ASSIGNED TASK: Nothing but the pictures should be dropped; repeat the rest of the data below exactly.

DATASET EXTRACT:
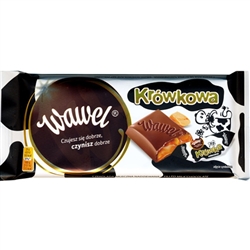 Wawel chocolates are made in Krakow.  This is a rich milk chocolate bar with cream fudge filling (krowki).  Delicious!
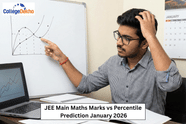 JEE Main Maths Marks vs Percentile Prediction January 2026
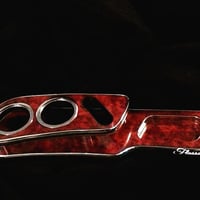 Image 1 of Flossdvip all woodgrain  front burlwood with BURLWOOD POCKETl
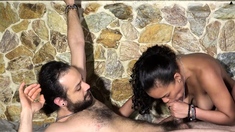 Brunette hardcore blowjob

OUTPUT BELOW:
 Wawel chocolates are made in Krakow.  This is a rich milk chocolate bar with cream fudge filling (krowki).  Delicious!
 JEE Main Maths Marks vs Percentile Prediction January 2026
 Image 1 of Flossdvip all woodgrain  front burlwood with BURLWOOD POCKETl
 Brunette hardcore blowjob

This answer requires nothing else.